En droit, le premier juge a considéré que dans l’hypothèse
d’une action en réintégrande selon l’art. 927 CC, il était incompétent ; la
valeur litigieuse était largement supérieure à 9'999 fr. 95 et l’action
possessoire relevait de la compétence du président du tribunal
d’arrondissement. Dans l’hypothèse d’une procédure d’expulsion selon
l’art. 5 ch. 30 CDPJ et l’art. 1 al. 3 LJB, celle-ci aurait dû être précédée
d’une tentative de conciliation, sauf en cas d’application de la procédure
sommaire de protection des cas clairs. Or, le requérant n’avait produit
aucune autorisation de procéder ni sollicité l’application d’une telle
procédure.
B.Par courrier du 2 juillet 2015, V. a contesté la décision
d’irrecevabilité précitée.
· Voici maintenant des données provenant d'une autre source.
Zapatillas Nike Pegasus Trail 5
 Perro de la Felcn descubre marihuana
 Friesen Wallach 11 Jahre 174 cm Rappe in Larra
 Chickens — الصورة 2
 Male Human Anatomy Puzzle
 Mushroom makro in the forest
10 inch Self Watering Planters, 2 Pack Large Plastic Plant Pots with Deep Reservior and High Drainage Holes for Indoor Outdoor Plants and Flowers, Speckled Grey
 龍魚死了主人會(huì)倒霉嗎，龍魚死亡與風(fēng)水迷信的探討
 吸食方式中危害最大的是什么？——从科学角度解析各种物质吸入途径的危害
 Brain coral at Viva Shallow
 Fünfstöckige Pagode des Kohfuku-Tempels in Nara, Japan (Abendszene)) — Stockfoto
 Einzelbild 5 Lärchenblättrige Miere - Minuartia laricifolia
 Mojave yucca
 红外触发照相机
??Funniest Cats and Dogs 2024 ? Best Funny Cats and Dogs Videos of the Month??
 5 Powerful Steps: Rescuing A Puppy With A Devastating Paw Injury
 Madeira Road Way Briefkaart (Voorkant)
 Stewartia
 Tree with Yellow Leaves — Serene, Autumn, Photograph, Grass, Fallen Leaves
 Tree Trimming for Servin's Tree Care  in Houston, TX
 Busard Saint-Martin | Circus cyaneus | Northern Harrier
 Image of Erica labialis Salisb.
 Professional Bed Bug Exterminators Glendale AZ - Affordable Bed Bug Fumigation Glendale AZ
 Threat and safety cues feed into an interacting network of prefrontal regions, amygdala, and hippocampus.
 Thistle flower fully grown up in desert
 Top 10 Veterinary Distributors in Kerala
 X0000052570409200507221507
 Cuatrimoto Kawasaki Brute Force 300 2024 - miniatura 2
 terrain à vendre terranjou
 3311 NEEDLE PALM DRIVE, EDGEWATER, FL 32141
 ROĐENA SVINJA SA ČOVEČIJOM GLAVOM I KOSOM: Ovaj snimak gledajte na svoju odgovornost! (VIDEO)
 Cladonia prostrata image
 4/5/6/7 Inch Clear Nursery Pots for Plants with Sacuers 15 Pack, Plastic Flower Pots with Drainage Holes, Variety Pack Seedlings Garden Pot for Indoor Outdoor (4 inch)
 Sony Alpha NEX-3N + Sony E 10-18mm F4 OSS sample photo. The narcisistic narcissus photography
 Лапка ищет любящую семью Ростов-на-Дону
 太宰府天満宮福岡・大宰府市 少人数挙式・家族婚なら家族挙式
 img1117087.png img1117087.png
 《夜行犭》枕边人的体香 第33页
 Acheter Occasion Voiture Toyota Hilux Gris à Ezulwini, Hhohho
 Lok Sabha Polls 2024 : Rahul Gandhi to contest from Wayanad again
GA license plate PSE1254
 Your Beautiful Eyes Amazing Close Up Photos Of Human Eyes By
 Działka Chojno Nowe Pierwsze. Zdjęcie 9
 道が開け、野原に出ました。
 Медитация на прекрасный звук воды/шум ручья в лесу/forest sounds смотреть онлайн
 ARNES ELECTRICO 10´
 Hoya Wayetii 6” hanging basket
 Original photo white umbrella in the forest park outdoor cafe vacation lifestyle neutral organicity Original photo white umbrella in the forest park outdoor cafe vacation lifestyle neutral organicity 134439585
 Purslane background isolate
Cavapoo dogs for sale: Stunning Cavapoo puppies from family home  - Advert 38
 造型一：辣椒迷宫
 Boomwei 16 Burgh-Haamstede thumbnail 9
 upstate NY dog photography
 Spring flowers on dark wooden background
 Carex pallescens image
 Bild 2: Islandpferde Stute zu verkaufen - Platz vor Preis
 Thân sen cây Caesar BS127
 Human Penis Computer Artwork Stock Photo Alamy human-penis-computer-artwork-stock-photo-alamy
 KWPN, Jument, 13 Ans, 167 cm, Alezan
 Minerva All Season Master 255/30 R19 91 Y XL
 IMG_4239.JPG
Les termes sont les suivants :
« [...] action d’expulsion du locataire G.________
Action 641 CC / application de l’exception à agir en T. des baux soit : « bail
résilié en raison d’un retard dans le paiement du loyer » (art. 1 al. 3
LTB/VD).
La doctrine :
dans cette hypothèse, c’est le juge de paix qui est compétent conformément
à application : l’article 3 LExp/Vd. » Il a en outre requis d’être cité à une
audience du juge de paix.
Par courrier du 6 juillet 2015, V.________ a requis du juge de
paix qu’il corrige un compte bancaire de consignation enregistré au nom
de la justice de paix au lieu qu’il le soit à son propre nom.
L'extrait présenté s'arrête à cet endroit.